(Beginning of Listed records)

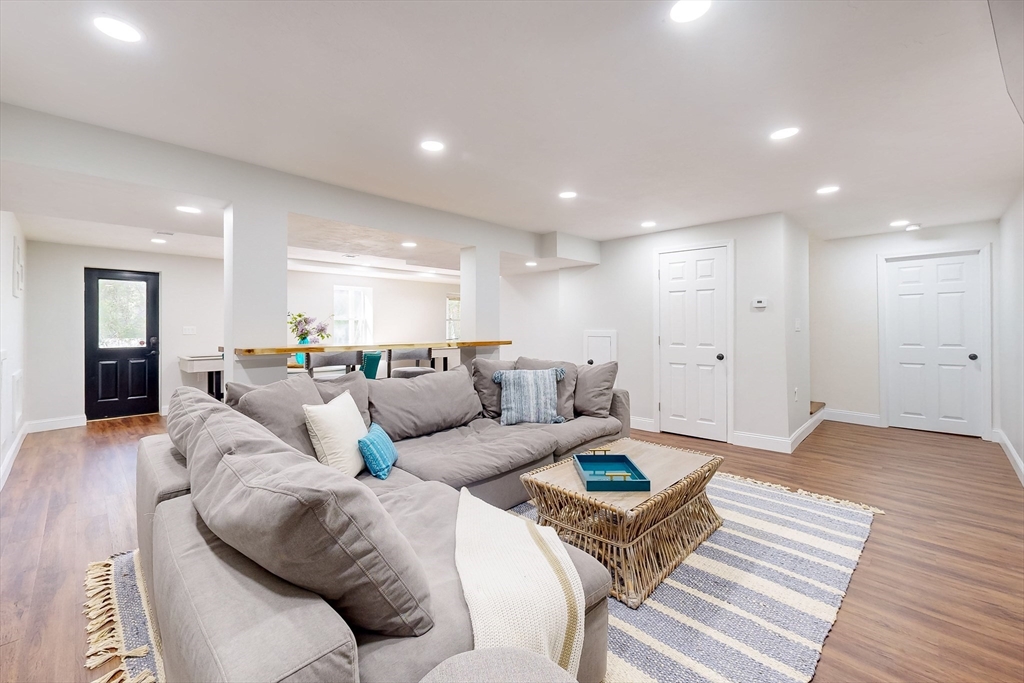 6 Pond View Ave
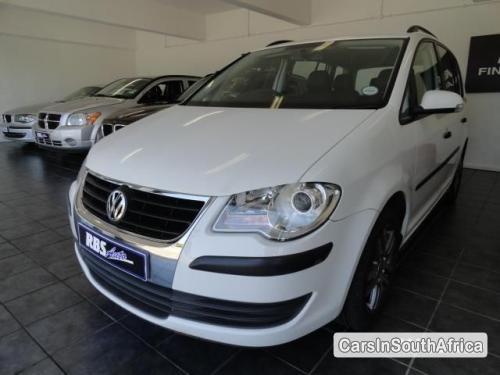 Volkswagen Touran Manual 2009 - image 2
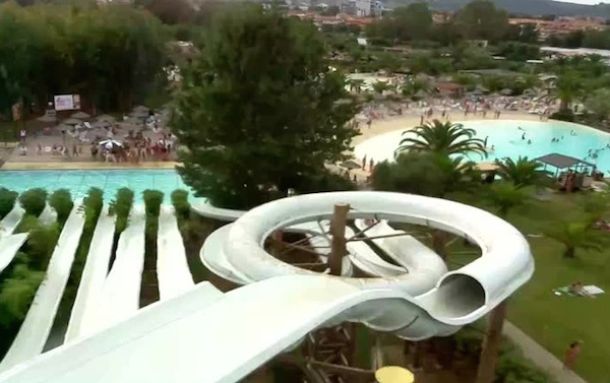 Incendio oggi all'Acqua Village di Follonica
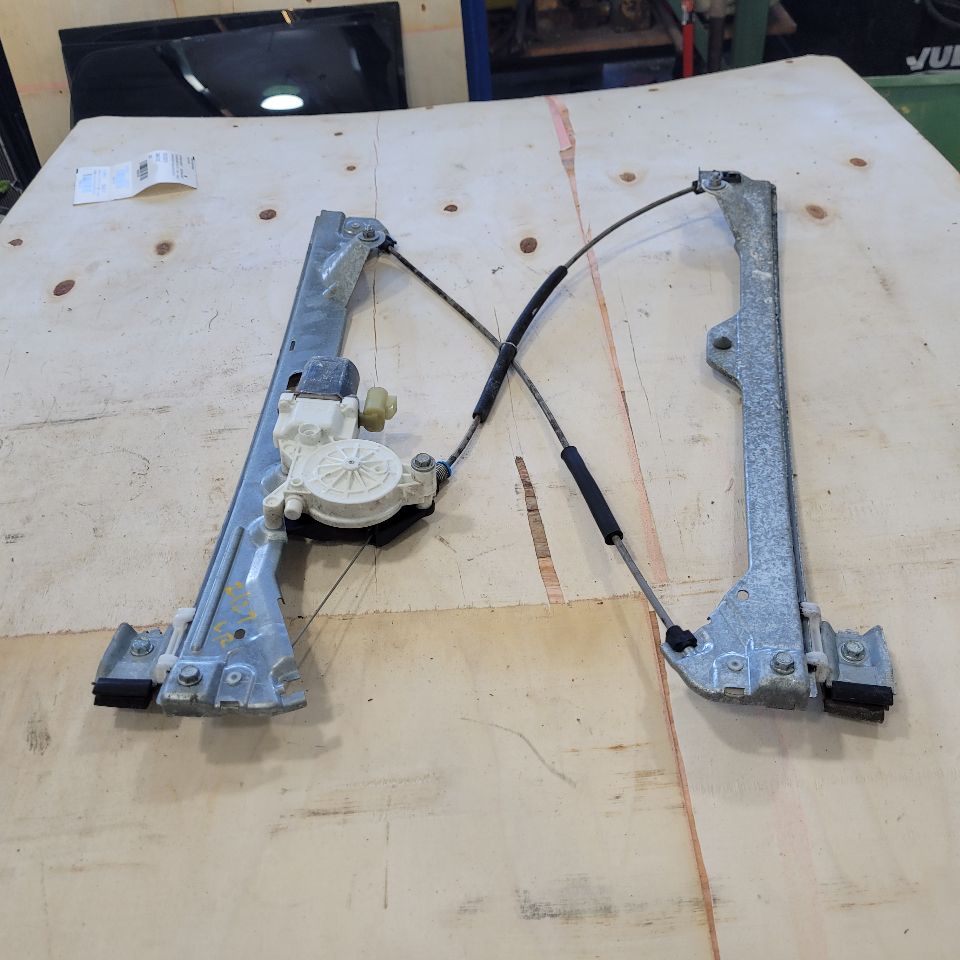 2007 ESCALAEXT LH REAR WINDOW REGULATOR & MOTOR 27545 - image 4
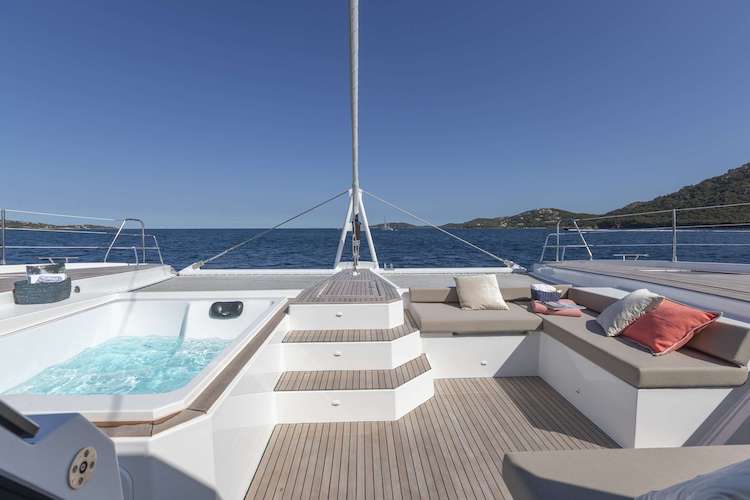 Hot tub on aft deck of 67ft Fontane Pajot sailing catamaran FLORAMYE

(End of Listed records)
(Beginning of Listed records)

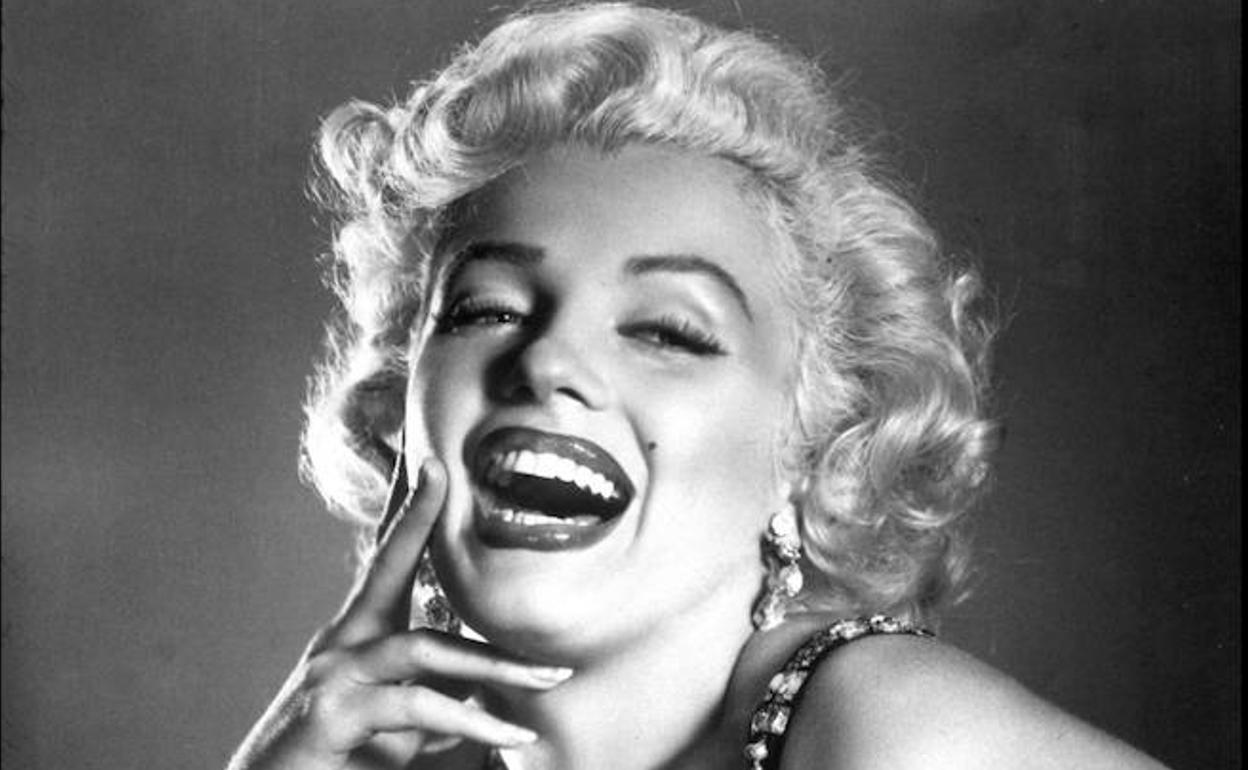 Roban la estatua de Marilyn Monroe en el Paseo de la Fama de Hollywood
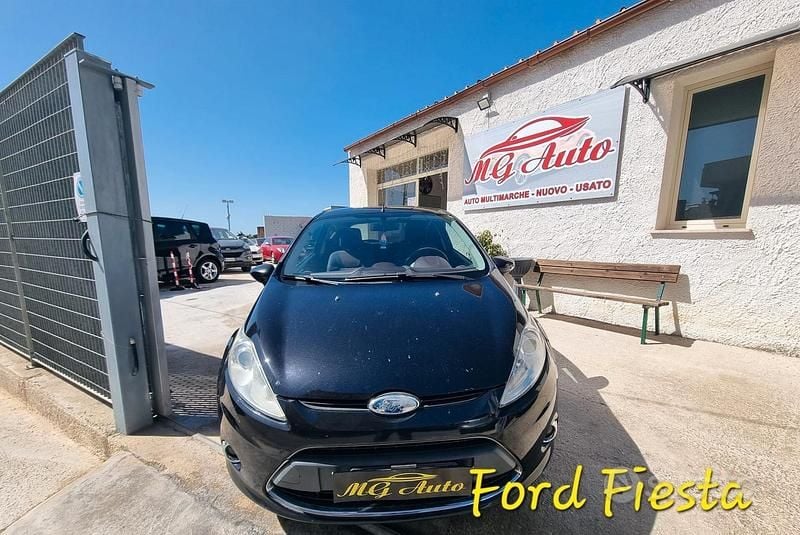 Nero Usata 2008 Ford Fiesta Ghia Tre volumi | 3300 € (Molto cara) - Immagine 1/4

(End of Listed records)

Copy exactly the part of the material above that opens with the line containing "2007 ESCALAEXT LH" and closes with the line containing "Hot tub on aft", ends included. Drop the images.

 2007 ESCALAEXT LH REAR WINDOW REGULATOR & MOTOR 27545 - image 4
 Hot tub on aft deck of 67ft Fontane Pajot sailing catamaran FLORAMYE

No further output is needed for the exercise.